O Lobo Atrás Da Porta (Brasil, 2013)

Por Diego de Montalvão, em CINEMA

O Lobo Atrás Da Porta (Brasil, 2013)

24 de Dezembro de 2014 às 13:22

No princípio reinava o bem. O homem, em sua pureza, guiava-se por  instintos a mercê de um Deus onipresente. O bem e o mal não eram conceitos vigentes e assim se fez a raça humana, marchando alheia as conseqüências de seus atos. A repreensão, se existia, ainda não vinha dos céus; quiçá pior, nunca seria fruto da consciência. Livre e segura, suas ações não seriam dignas de julgamento; subverteram culpa e glória, cegas dos efeitos de suas escolhas.

Então a noção do castigo invadiu os homens. Matar ou sobreviver há de seguir um código de ordem. Inicialmente como deliberação aos homens para que suas perduras não aniquilassem a raça. Desta forma nasceram as leis; antes disso, a ética.

Se as teorias evitavam predestinar os homens, mais o instinto prevaleceu. Bentinho, o Casmurro, tentou se equilibrar entre as vontades inatas que inquietavam seu íntimo; vagou pelos rios perenes da paixão, afoito sem saber que o movimento das marés surpreende até os marujos que mais conhecem o revés.

Neste ensejo se fez Sylvia (Leandra Leal), com toda pureza de berço, carregando inocência e fatalidade. Bernardo (Milhem Cortaz), distraído, em conluio com a cobiça.

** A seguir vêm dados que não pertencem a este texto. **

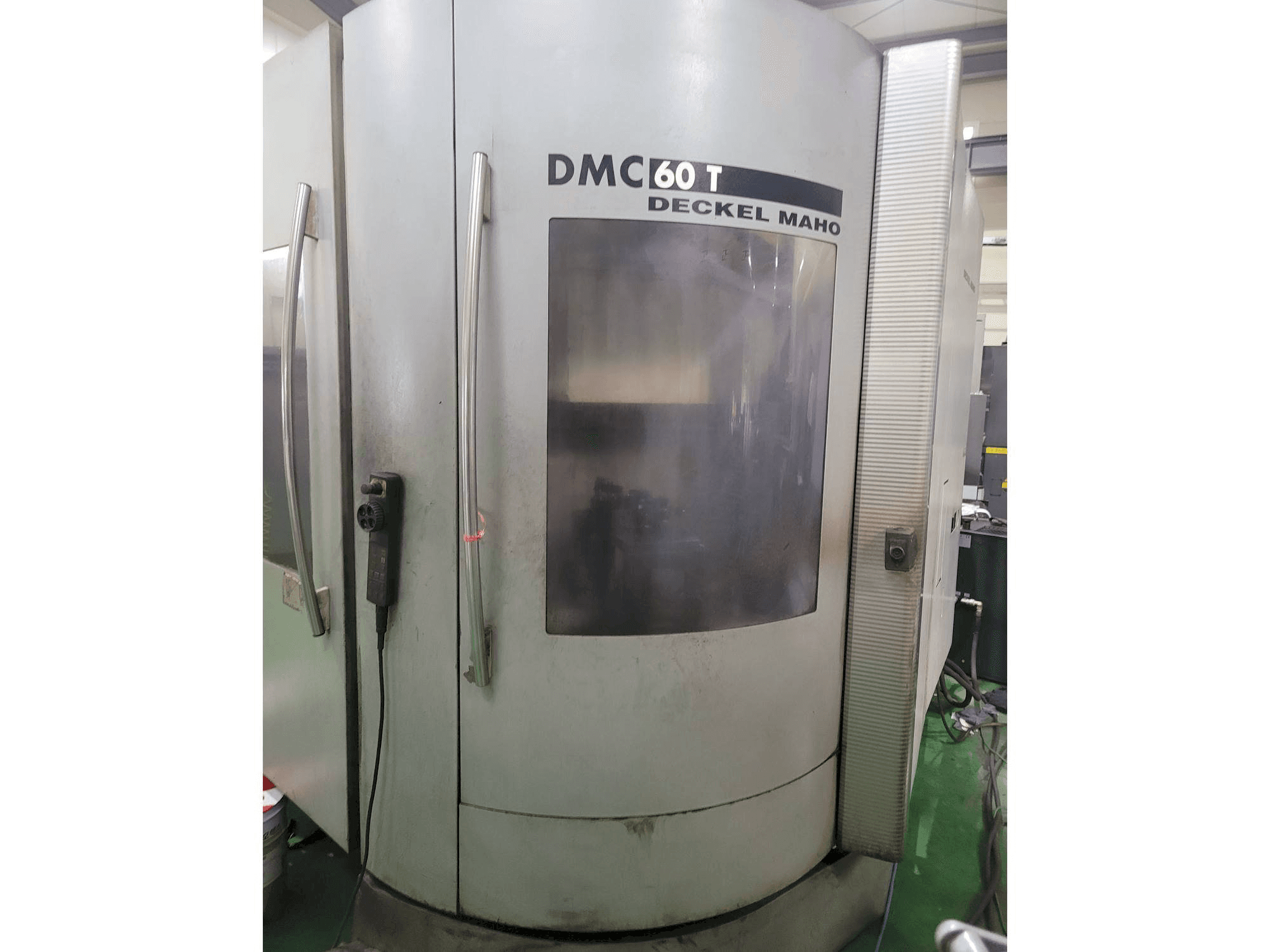 Prikaz stroja DECKEL MAHO DMC 60 T sprijeda
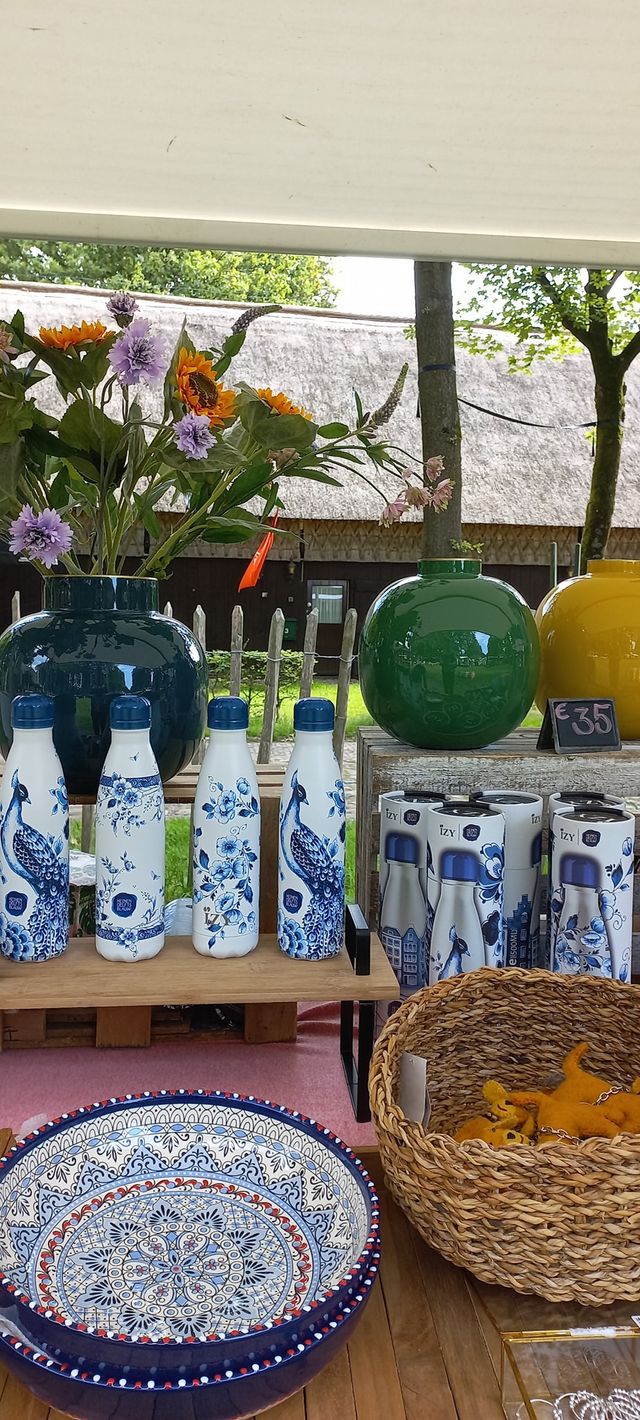 Gevarieerde markt in Orvelte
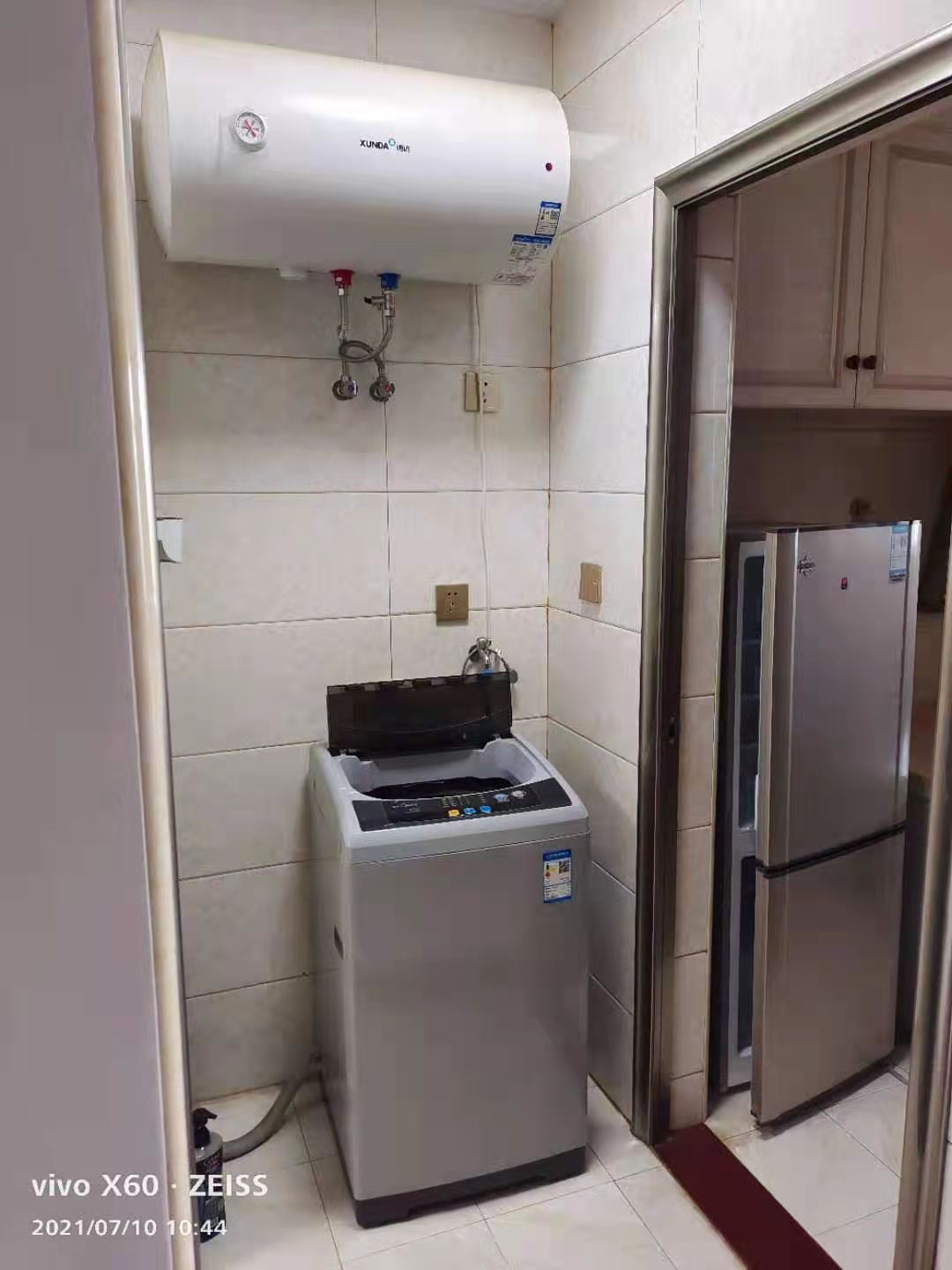 百弘学府城  1室1厅1卫   1300.00元/月室内图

Eis que em um átimo um de dois tenta romper o cerol do desejo que os une. Apetite e inapetência compartilham etimologia, mas há de se notar: negar uma verdade é, antes de tudo, aceitar sua existência.

Quando Sylvia (Fabíula Nascimento) conhece outra Sylvia, não se trata de coincidência. O existencialismo bate à porta. A esposa se desconstrói alheia a amante que usurpa e alimenta. Os olhos do dono emagrecem a cria, como subterfúgio onde esconder é açoitar o predador, é dar corpo ao desejo. Nesta contradição, no embate entre o Eu e o reflexo do que se almeja ser nos olhos do outro, mais cedo derrota se anuncia; antes mesmo do autoconhecimento.

Maldito aquele que não conheceu o amor. Este fervor que individualiza e torna invencível o menos temido dos seres; glorifica falhas e crucifica virtudes no instante em que se sacrifica para se tornar imortal. Maldito aquele que não conheceu o amor.

Mas o amor não permite dúvidas, embora não seja coisa que se meça: não existe a dimensão do amor. A grandeza está no limite onde olhos ou coração alcançam. Livre assim, O Lobo Atrás Da Porta transcende a visão maniqueísta do amor: aquele que ama não só deseja o bem; e quem não ama, por sua vez, acalenta o inimigo?

Então se compreende o significado da obra. O Lobo Atrás Da Porta legitima o olhar do rejeitado que, mesmo ferido, homenageia aquilo que torna único cada sujeito. Seja aquele olhar empoeirado do raivoso ou a clareza dos preciosos olhos de quem ama: tudo é sentimento e nada também o é. Vingança se fez e não há ninguém para culpar.   Aliás, a culpa acompanha o mundo antes mesmo da Criação, talvez seja mais velha que o próprio mundo.